Move discussion of 0 to footnote

Thanks to Elias Guisado
https://stacks.math.columbia.edu/tag/05T8#comment-8397

derived.tex

@@ -5392,12 +5392,15 @@ \section{Derived functors on derived categories}
 \end{lemma}
 
 \begin{proof}
-We may add $0$ to $\mathcal{I}$ if necessary. Pick $A \in \mathcal{I}$.
-Let $A[0] \to K^\bullet$ be a quasi-isomorphism with $K^\bullet$
+Pick $A \in \mathcal{I}$. Let $A[0] \to K^\bullet$
+be a quasi-isomorphism with $K^\bullet$
 bounded below.
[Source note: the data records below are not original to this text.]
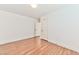 Bedroom featuring hardwood floors, neutral walls, and a closet for storage at 2323 Mariposa Ave, Las Vegas, NV 89104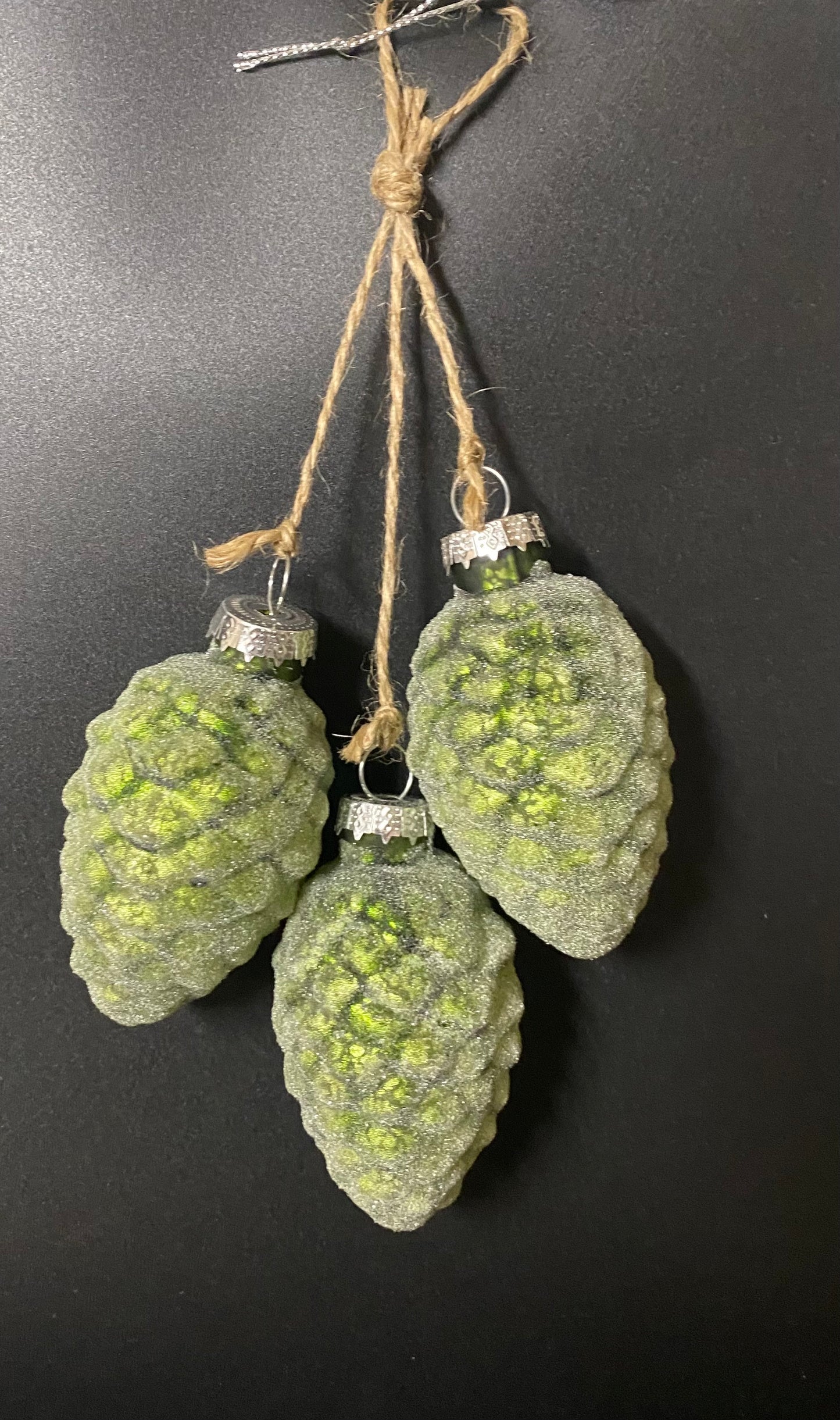 Green pine cone-shaped ornaments hanging on a black background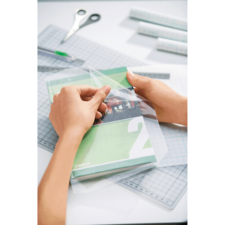 Hände ziehen eine transparente Folie von einem grünen Buch mit der Nummer 2 ab, um es einzuhüllen. Schreibtisch mit Werkzeugen im Hintergrund.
Then we can find a quasi-isomorphism
 $K^\bullet \to I^\bullet$ with $I^\bullet$ bounded below and
 each $I^n \in \mathcal{I}$, see
-Lemma \ref{lemma-subcategory-right-resolution}.
+Lemma \ref{lemma-subcategory-right-resolution}\footnote{By (1)
+we see that $\mathcal{I}$ is nonempty. Pick $P$ in $\mathcal{I}$.
+Then the short exact sequence $0 \to P \to P \to 0 \to 0$ and assumption (2)
+shows that $0$ is in $\mathcal{I}$. Thus the lemma applies.}.
 Hence we see that these resolutions are cofinal in the category
 $A[0]/\text{Qis}^{+}(\mathcal{A})$. To finish the proof it therefore
 suffices to show that for any quasi-isomorphism